Sì alla Tav, ma Prodi non dice dove passerà

Il Professore teme le reazioni dei no-global mentre in Piemonte parte l’osservatorio sulla Torino-Lione. E la Bresso convoca i contestatori

Alessandro M. Caprettini

nostro inviato a Lucca

L'inverno è alle porte e il cielo è gonfio di pioggia, ma a Lucca spunta almeno un fiorellino nel - per il resto - arido summit franco-italiano. La Lione-Torino si farà.

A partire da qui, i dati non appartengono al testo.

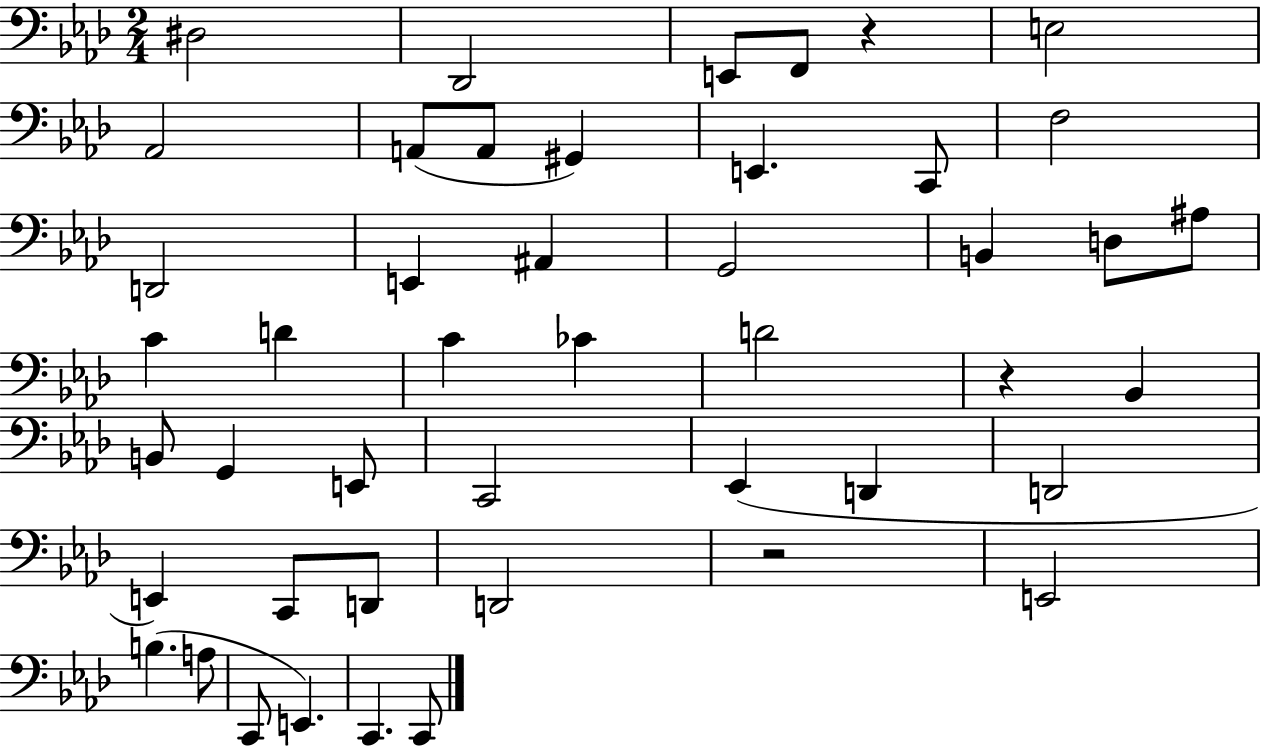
{
  \clef bass
  \numericTimeSignature
  \time 2/4
  \key aes \major
  \repeat volta 2 { dis2 | des,2 | e,8 f,8 r4 | e2 | \break aes,2 | a,8( a,8 gis,4) | e,4. c,8 | f2 | \break d,2 | e,4 ais,4 | g,2 | b,4 d8 ais8 | \break c'4 d'4 | c'4 ces'4 | d'2 | r4 bes,4 | \break b,8 g,4 e,8 | c,2 | ees,4( d,4 | d,2 | \break e,4) c,8 d,8 | d,2 | r2 | e,2 | \break b4.( a8 | c,8 e,4.) | c,4. c,8 | } \bar "|."
}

Lo ammette Prodi, sia pur ammantando il via libera con tutta una serie di circonlocuzioni per tenersi buoni i no global della Val di Susa, ma negli stessi istanti lo strilla ai quattro venti Antonio Di Pietro che in definitiva è l'unico a lasciare la città toscana con un sorriso smagliante dipinto sulle labbra.
Perchè l'ex-pm approdato alle Infrastrutture fa sapere anche di aver firmato proprio a palazzo Ducale assieme al collega transalpino Perben, «la domanda congiunta di finanziamento rivolta a Bruxelles» per poter ottenere i fondi con cui dare il via ai lavori. Per lui del resto è ormai certo che per quel che riguarda la linea ferroviaria ad alta velocità è questione solo di mesi, forse di giorni. «Il problema - spiega infatti - non è se fare o non fare, ma dove farla passare. E non è vero neanche che i francesi siano avanti rispetto a noi. Siamo pari!» giura piccato a chi gli parla di ritardi sul nostro versante.
Così se Prodi tentenna ancora un po' perché vorrebbe evitare di essere additato da no global e abitanti della Val di Susa come il distruttore del paradiso ecologico che sarebbe a rischio, giurando che prima di decidere occorrerà trovare l'accordo tra tutti i soggetti interessati, trovando uno Chirac grave e parco che si limita a far sapere che Parigi alla Tav ci tiene e aspetta «che gli italiani risolvano i loro problemi», ecco che il suo ministro - a pochi passi di distanza - già si lancia col cuore ma soprattutto con la parola oltre l'ostacolo. Tutto deciso e definito, se la ride Di Pietro. Salvo il dove passerà la linea. Che per lui appare comunque problema secondario, ma che in realtà potrebbe anche aumentare i costi a dismisura.
E proprio ieri, ironia della sorte, ha preso il via in Piemonte il lavoro dell'osservatorio tecnico che dovrebbe per l'appunto decidere dove far passare questa benedetta Tav Lione-Torino, tratta del ben noto corridoio 5 che vorrebbe l'Europa meridionale tagliata da una linea che partendo da Lisbona, arrivi fino a Kiev, passando per Barcellona, Lione, Torino, Milano, Trieste, e poi su su per Lubiana e Budapest prima di arrivare in Ucraina.
Mercedes Bresso, governatora del Piemonte dopo lunga esperienza di europarlamentare diessina, s'è augurata che l'osservatorio trovi risposte veloci ed adeguate. Ma soprattutto ha rivolto l'invito ai contestatori di prender parte ai suoi lavori, visto che il timore è che le contestazioni riprendano a prescindere dalla bontà delle soluzioni proposte nell'organismo tecnico.
Il timore, in sostanza, è che l'opposizione all'alta velocità si riscopra ideologica, buttando la mantella della salvaguardia ecologista o dei rischi da amianto da cui fino ad ora era stata coperta. Un timore che Prodi in qualche modo è parso condividere, visto che nel corso della conferenza finale del summit franco-italiano ha sì precisato che la Tav «è essenziale per la nostra economia», ma ha anche battuto a lungo il tasto della necessità che la decisione sia da prendere dopo un dialogo «aperto e trasparente» con tutte le parti in causa.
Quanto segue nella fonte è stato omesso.